Pressure on Pentagon as House pushes for ‘Don’t ask’ repeal
Nearly 100 members of the House of Representatives have signed a letter to Defense Secretary Robert Gates requesting detailed data on people discharged under the military’s “Don’t Ask, Don’t Tell” policy.
It is an opening salvo by progressive House members in what is shaping up to be a new political battle in the new year, as the House prepares to debate the future of the controversial policy next month.
“We request that the Office of the Secretary of Defense provide data on the current number of DADT discharges since January 1, 2009 to the present, no later than January 15, 2010,” read the letter to Gates, written by Rep. Jim Moran (D-VA). “In addition, we request monthly reports thereafter to Congress detailing the number of enlisted service members and officers discharged under the policy…. Through these monthly updates, Congress and the public will get a clearer picture of the continued costs and damage to our national security inflicted by this policy.”
“Don’t Ask, Don’t Tell” has been a source of controversy since it was enshrined into law in 1993 as a compromise to attempts by the Clinton administration to allow homosexuals to serve openly in the armed forces.
Since the law’s enactment, “more than 13,500 service people have been discharged at a cost of over $400 million,” Rep. Moran said in a statement earlier this week.
Among the signatories of the letter is Rep. Patrick Murphy (D-PA), who is the lead sponsor of House legislation seeking to end DADT.
But debating the impact of DADT poses its own problems. For one, serving members of the military could face discharge if they testify in front of Congress about their experiences as homosexuals in the army. To prevent that, Rep. Alcee Hastings (D-FL) has tabled a bill that would grant immunity to gay soldiers who testify in front of the committee.
That step, if approved, could lift some of the veil of secrecy and fear that hangs over gay soldiers in the US. A recent special report at CNN details the lengths to which gay service members have to go to keep their personal lives separate from their professional ones.
Even in his e-mail correspondence to CNN, the [unidentified gay] Marine said that he was using an extra small font in case someone peeking over his shoulder could see the words on the screen.
And for other gay and lesbian service members, the burden of trying to communicate with a partner back home– and also having to lie to their fellow troops about their sexuality — weighs heavily on their psyche.
“I always joke around with people, but it’s true: When you’re in the military and you’re gay — deployed or not deployed — it’s like you’re basically living a double life,” said another Marine, who also requested anonymity. “When you’re overseas, that double life really comes out.”
The full text of the letter from Rep.

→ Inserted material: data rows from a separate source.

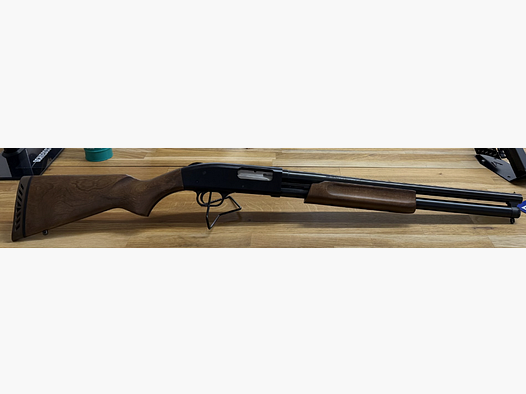 Mossberg – Pumpflinte / 500A / 6-Sch / Walnussholz / Kal. 12/76 / OCC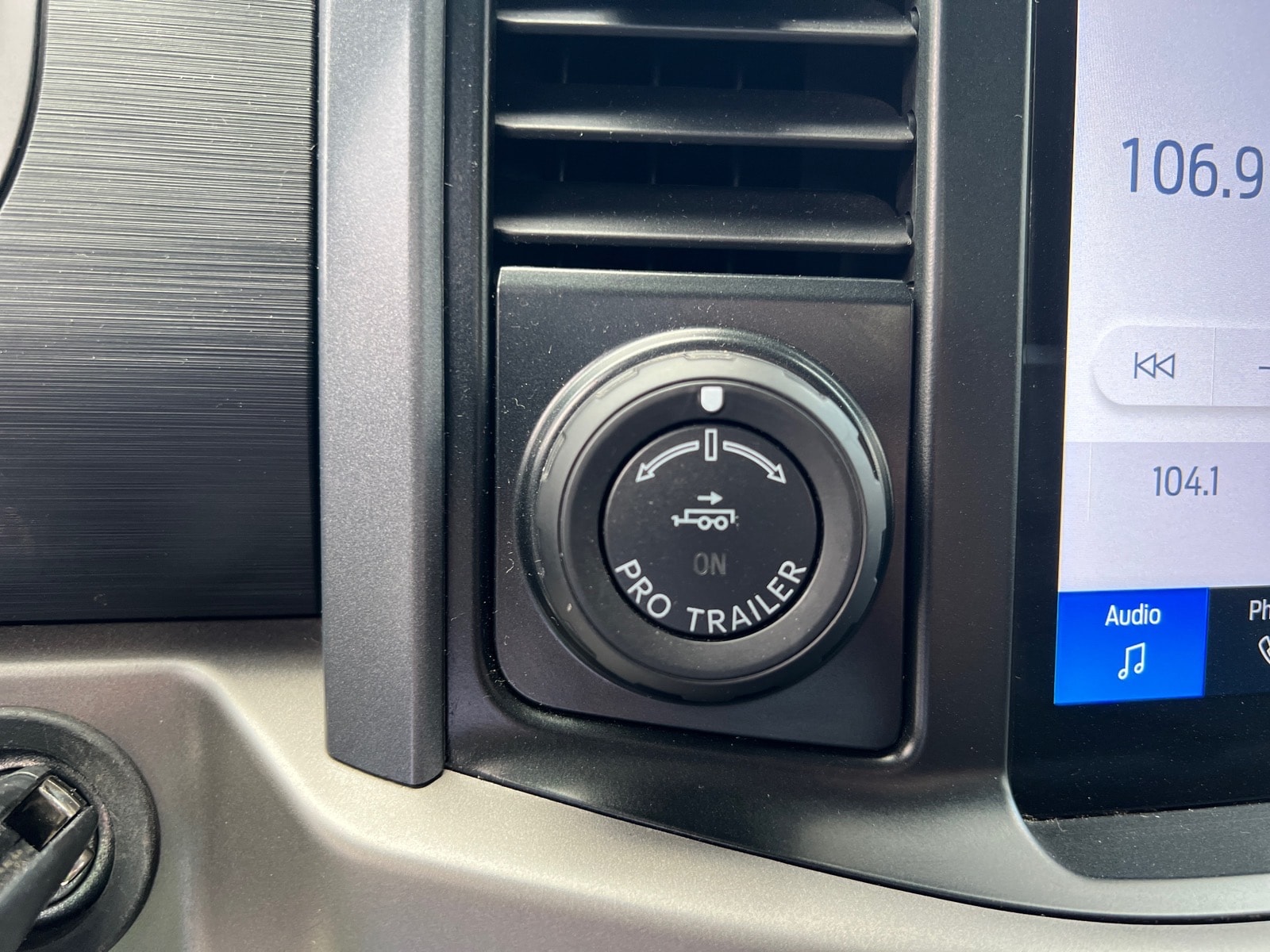 2024 Ford F-150 XLT - Photo 23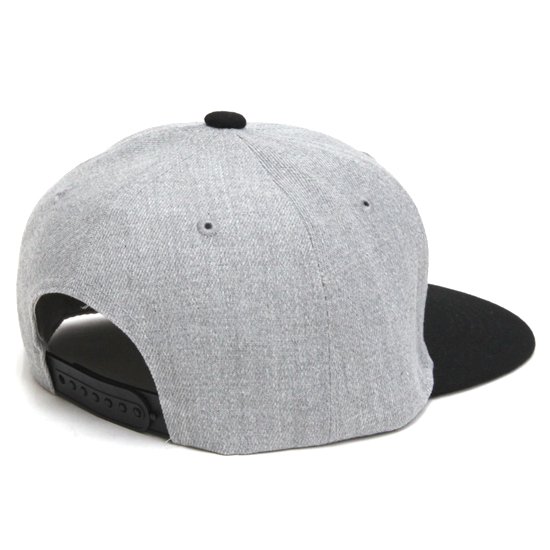 【THE OHTER ONE ジアザーワン】刺繍キャップ flat visor cap 23 (ブラック/グレイ) (キャップ) の2枚目の画像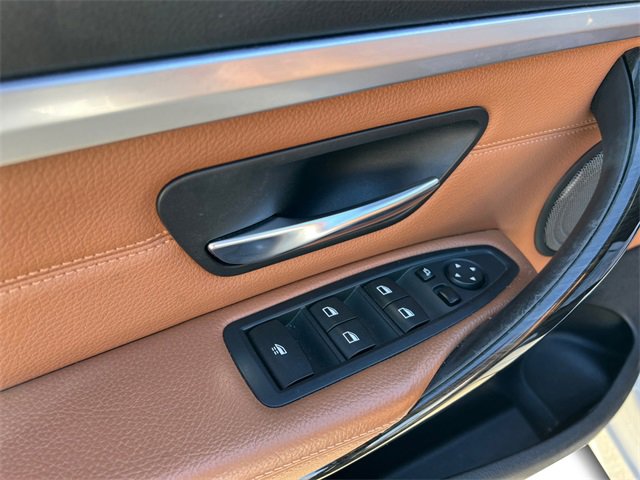 Used 2016 BMW 428i xDrive Convertible image 11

Moran to Secretary Gates follows below.
Dear Secretary Gates:
We write today with regards to the current prohibition on openly gay and lesbian service members in the military, commonly known as “Don’t Ask, Don’t Tell” (DADT).
This discriminatory policy results in the Department of Defense losing tens of millions each year in unrecoverable recruiting and training costs. The 2006 Blue Ribbon Commission’s report on DADT found that the Pentagon wasted over $360 million due to this policy from 1994 until 2003, the last year studied. Since its enactment in 1994, over 13,500 service members have been discharged under DADT, including 730 mission critical soldiers and over 65 Arabic and Farsi linguists vital to the war on terrorism.
To increase transparency on the effects the DADT policy is having on our military and by extension our national defense, we request that the Office of the Secretary of Defense provide data on the current number of DADT discharges since January 1, 2009 to the present, no later than January 15, 2010. In addition, we request monthly reports thereafter to Congress detailing the number of enlisted service members and officers discharged under the policy including their job specialty (MOS), time in the service and branch of the military. Through these monthly updates, Congress and the public will get a clearer picture of the continued costs and damage to our national security inflicted by this policy.
We appreciate your attention to this matter and look forward to a timely response.